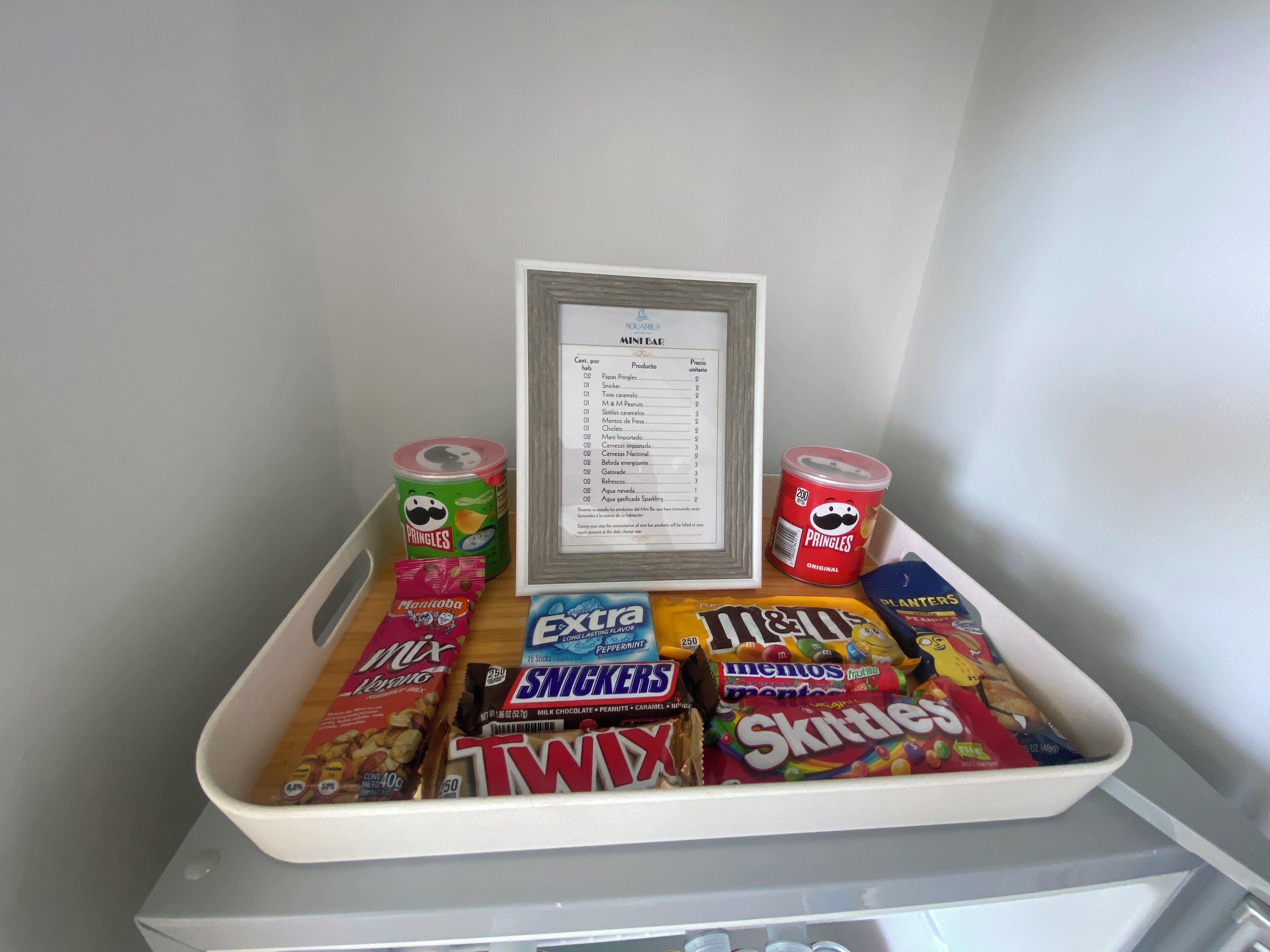 A snack tray with various candies and snacks, including M&M's, Twix, Skittles, and Pringles.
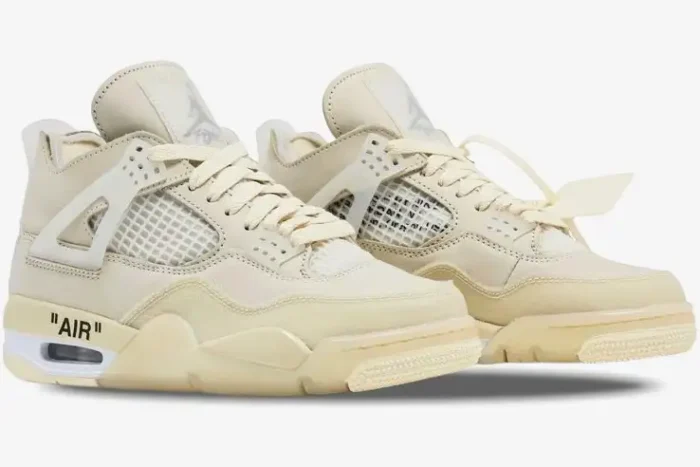 Three-quarter view of women's Air Jordan 4 Retro x Off-White Sail sneakers in a monochromatic cream colorway. - SKU CV9388-100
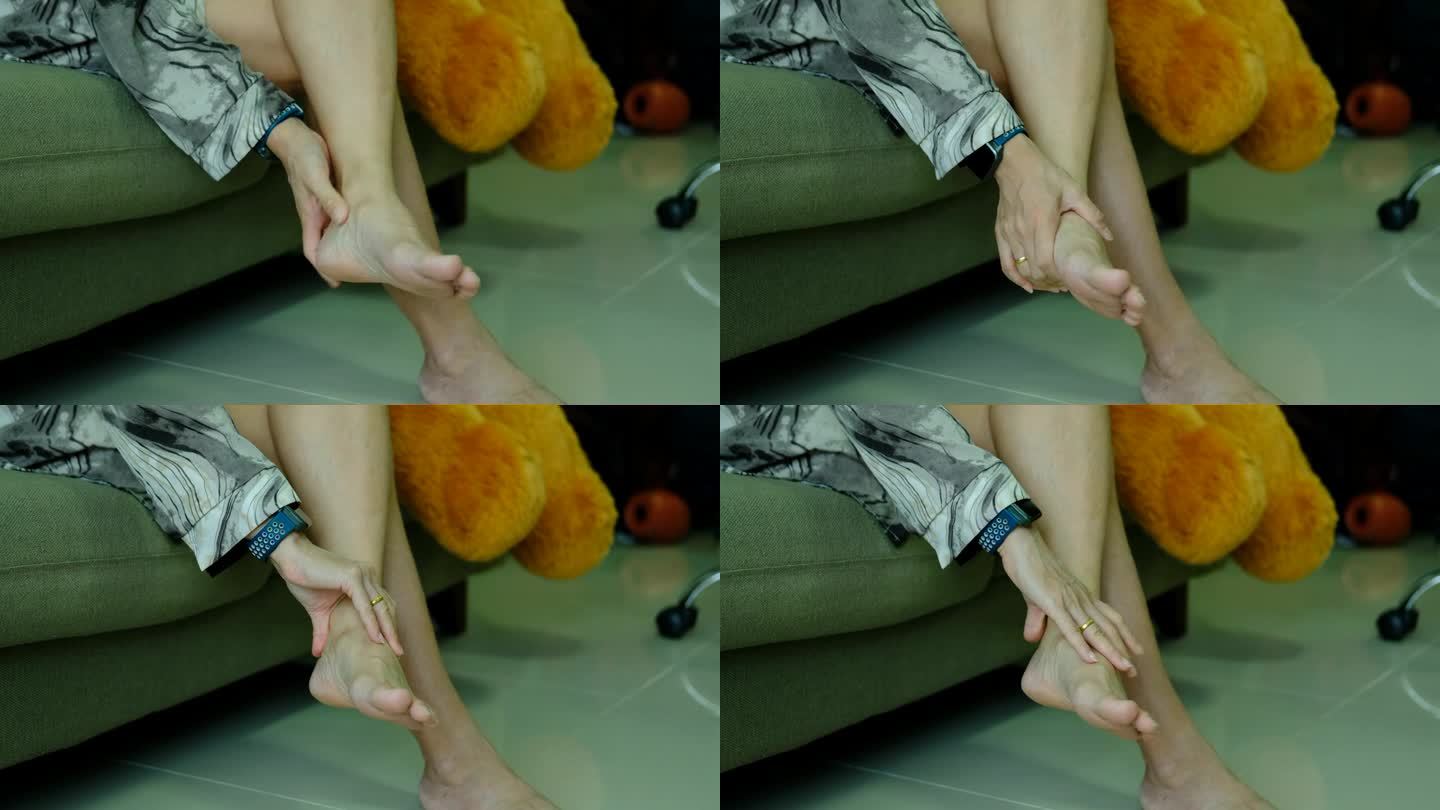 足部疼痛，亚洲女性坐在家里感觉足部疼痛，患有足部疼痛的女性用手按摩来放松脚底肌肉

Problem description =
Write the lines from the line containing "Three-quarter view of" through the last line of the data out again exactly, and only those lines; pictures stay out.

Answer area =
 Three-quarter view of women's Air Jordan 4 Retro x Off-White Sail sneakers in a monochromatic cream colorway. - SKU CV9388-100
 足部疼痛，亚洲女性坐在家里感觉足部疼痛，患有足部疼痛的女性用手按摩来放松脚底肌肉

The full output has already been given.